The movement to prioritize housing for people over storage for cars has reached a new high point in the Pacific Northwest.
In the first action of this kind by any US state, Oregon’s state land use board voted unanimously last week to sharply downsize dozens of local parking mandates on duplexes, triplexes, fourplexes, townhomes, and cottages.
But Oregon’s rule, which stems from its landmark 2019 legalization of so-called “middle housing” options statewide, is a much more unusual state-level action, affecting 58 jurisdictions simultaneously. And because middle housing will soon be legal throughout those 58 jurisdictions—the vast majority of the state’s urban lots—it’s arguably the biggest state-level parking reform law in US history.
Oregon’s new rules hold mandatory parking ratios at or below one parking space per home
Under the new state rules for larger cities and the Portland metro area, middle-housing projects on residential lots of 3,000 square feet or less can’t be required to have more than one off-street parking space, total, for the first four attached homes. For lots of up to 5,000 square feet, no more than two parking spaces can be required, total; for lots of up to 7,000 square feet, no more than three spaces. On lots larger than 7,000 square feet, a limit of one mandatory parking space per home applies.
In all cases, property owners will have the option to include as many off-street parking spaces as they feel the project needs. Their projects simply can’t be required to have more than one space per home, even on the largest urban lots.
This new standard applies to areas that are home to 2.5 million Oregonians, or 60 percent of the state’s population.
Last week’s vote by the governor-appointed Land Conservation and Development Commission will strike down the current parking mandates in Salem (1.5 per home), Eugene (1 per home), Gresham (2 per home), Hillsboro (1 per home), Beaverton (as many as 1.75 per home), Bend (as many as 2 per home), Medford (1.5 per home), Springfield (as many as 2 per home), and many other cities.
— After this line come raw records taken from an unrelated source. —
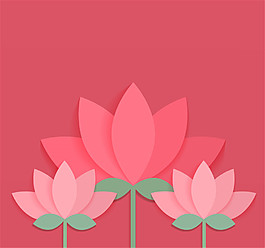簡潔粉色荷花設(shè)計矢量圖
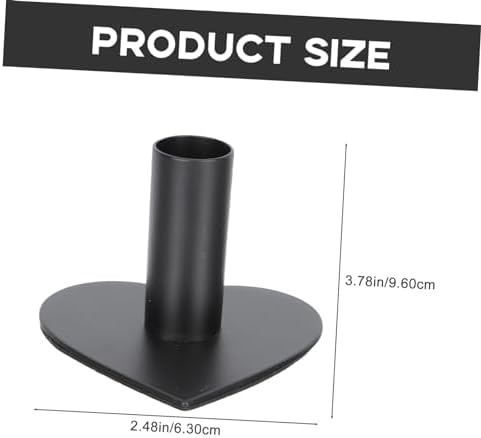 Elegant Black Iron Candle Holder for DJs - Heart-Shaped Compact Candle Rack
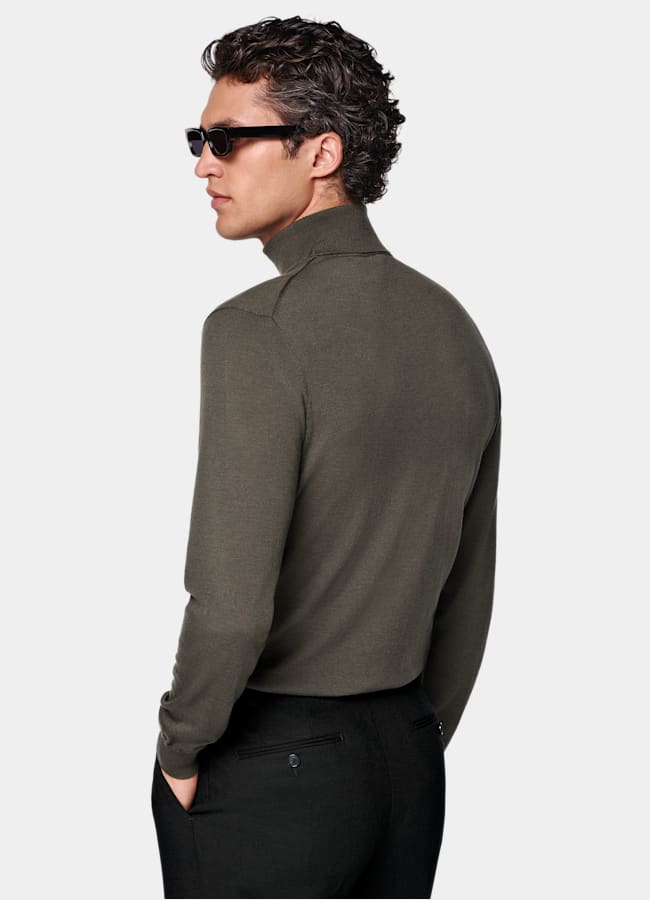 SUITSUPPLY Pure Wool Green Turtleneck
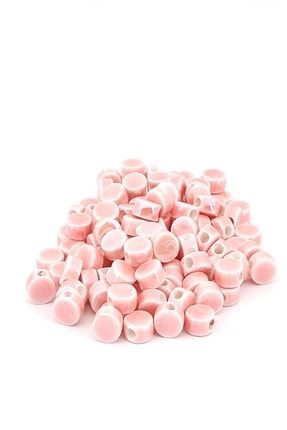 Yassı Seramik Takı Boncuğu Pudra Pembe 8 mm 10 Adet SRM019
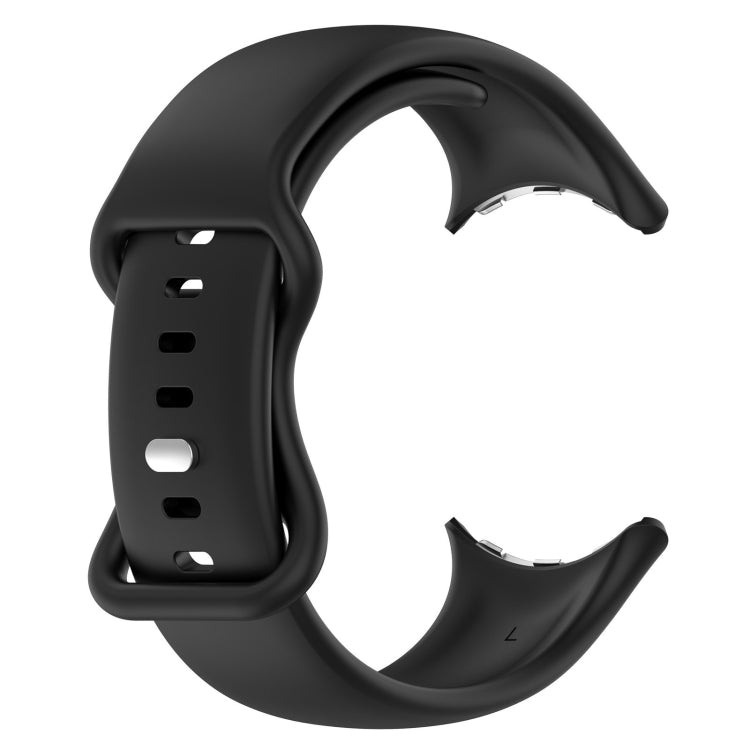 Bracelet de montre en silicone avec boucle papillon de couleur unie, Taille : S, Pour Google Pixel Watch 4 / Watch 3 45 mm
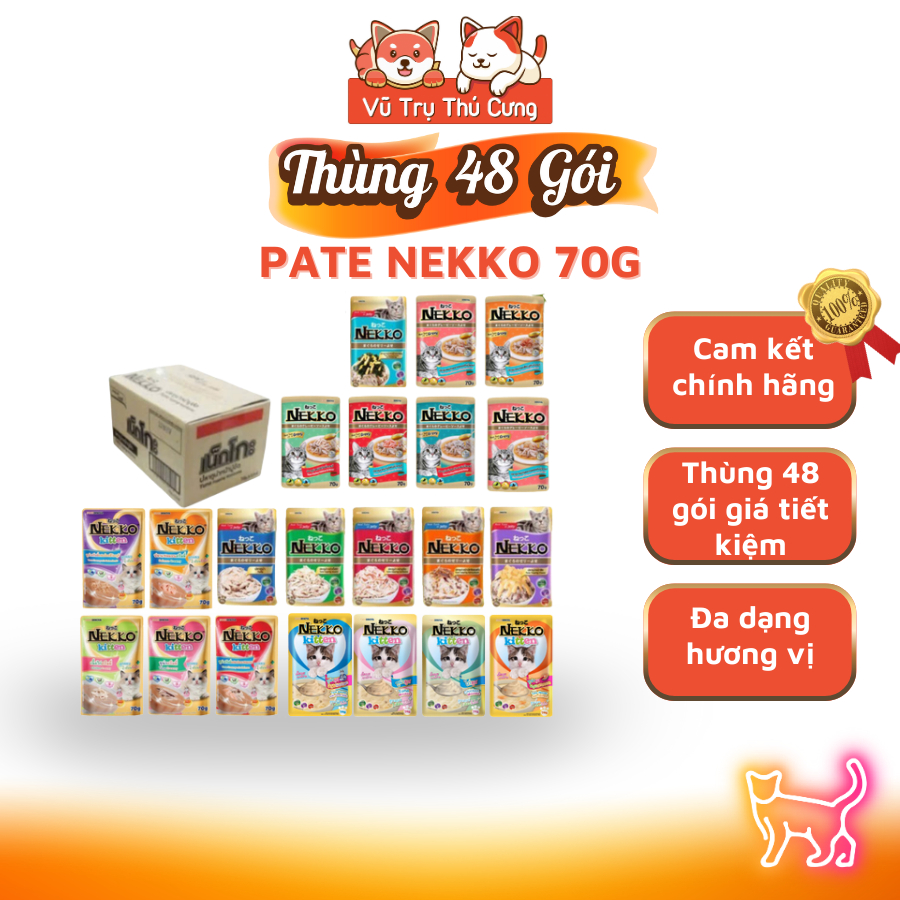 (Giá sỉ) Thùng 48 Gói Pate Nekko Thái Lan Cho Mèo Mọi Lứa Tuổi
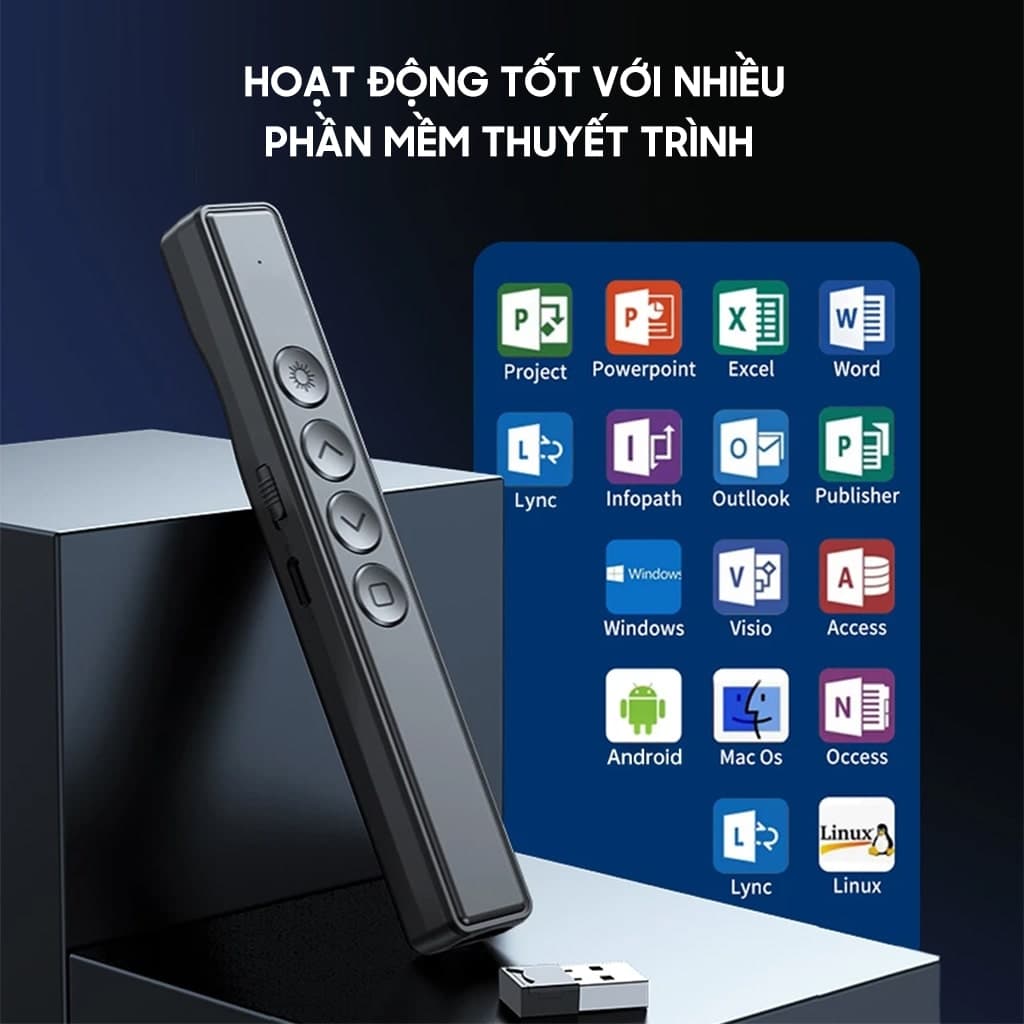 Bút trình chiếu S16 SE bút thuyết trình Powerpoint Laser điều khiển từ xa 100M kết nối USB pin sạc - 4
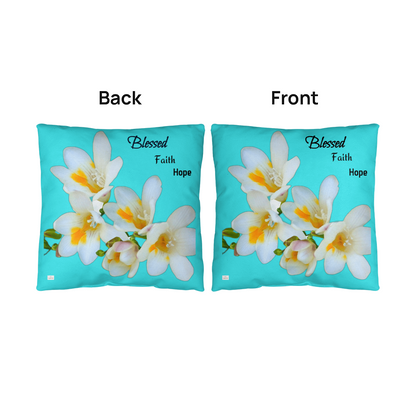 Blessed Faith Hope Pillow (Turquoise)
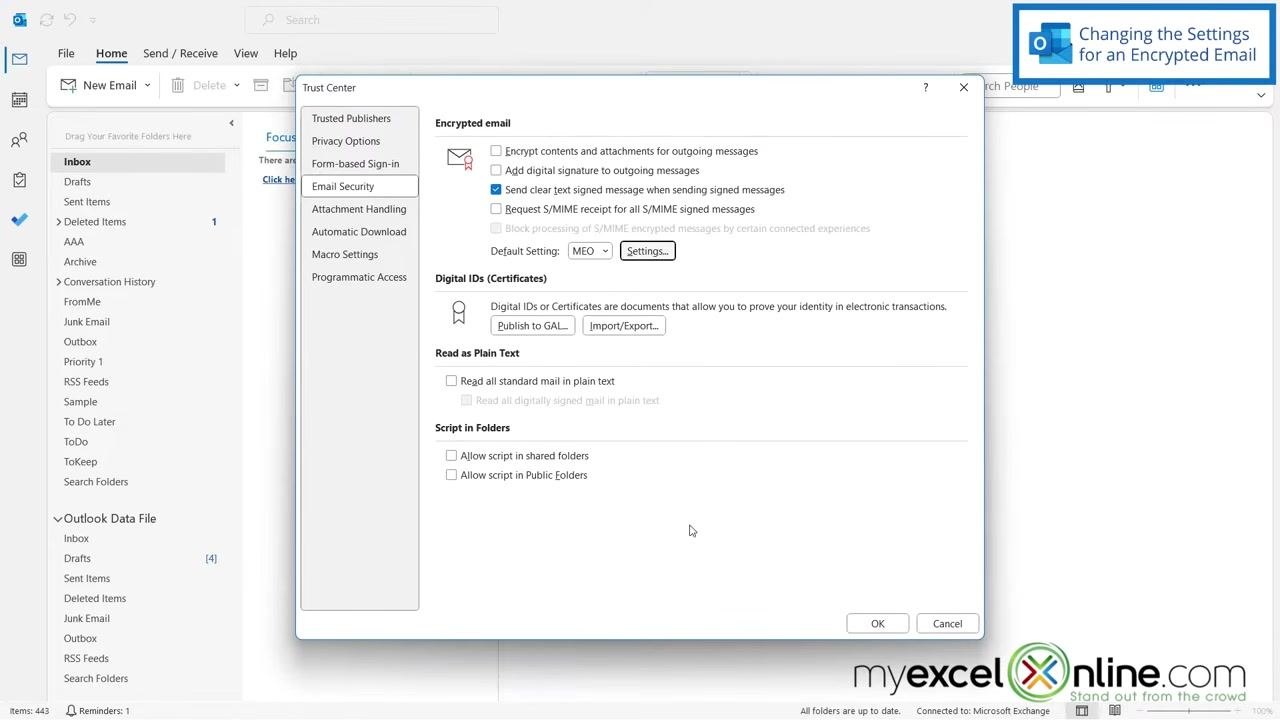 Trust Center dialog showing "Default Setting: MEO" under Encrypted email, ready to confirm with OK.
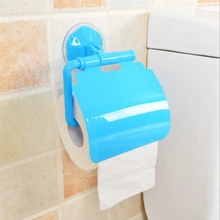 Plastic Wall Mount Plastic Suction Cup Bathroom Toilet Roll Paper Holder&Cover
In 22 smaller Oregon cities, those between 10,000 and 25,000 population, duplexes will be legalized on all lots. As part of that, duplexes in those cities will no longer be required to have more than one space per home. Another eight percent of Oregonians live in those cities.
“I think it’s great for Oregonians,” said Sara Wright, transportation program director for the Oregon Environmental Council. “We have limited public and private space; we have increasing population. It’s great to give us more flexibility in the way we build our communities.”
“We can now use that space for more housing, more space for others,” said Timothy Morris of the Springfield Eugene Tenant Association, who sat on a state advisory committee that helped vet the rules. “We can even add entire units of housing where parking spaces would have been.”
Wright and Morris were among a coalition of environmental and housing advocates and professionals from around the state, organized by Sightline, who had urged the state commission to pass such a policy.
Mary Kyle McCurdy, deputy director of the anti-sprawl group 1000 Friends of Oregon and one of the architects of Oregon’s middle housing legislation, sat on both advisory committees and watchdogged the commission process over the last year. She credited various factors, including direct input from middle-housing developers and good research by state staff, for building consensus around the change.
“I think it disproved the notion that some of these parking changes were coming from a Portland perspective,” McCurdy said. “That was not at all the case.”
People should not be required to pay for parking spaces they don’t need
The new rule was approved as part of the Oregon Land Conservation and Development Commission’s deliberation on how to interpret a crucial two-word phrase in the state’s landmark 2019 law that legalized middle housing statewide.
The phrase: “Unreasonable costs.” Under the law, cities are not allowed to subject middle housing to unreasonable cost.
That phrase in the law required the state to define, alongside a “middle housing model code” that cities now have the option of adopting, a “minimum compliance standard” with which all cities will be required to comply or be declared “unreasonable.”
(Among the many other pro-housing aspects of the minimum compliance standard that’ll be applied to larger cities and the Portland metro area: For townhouse projects, a minimum average lot size of no more than 1,500 square feet. Writing in CityLab in July, Emily Hamilton of Mercatus Center persuasively identified two crucial ingredients of effective middle-housing legalization: low parking requirements and small minimum lot sizes.)
To arrive at the new parking standard, state staffers commissioned a study to examine possible costs and lot layouts for new duplexes, triplexes, and fourplexes. It concluded that for such structures “on small lots, even requiring more than one parking space per development creates feasibility issues.”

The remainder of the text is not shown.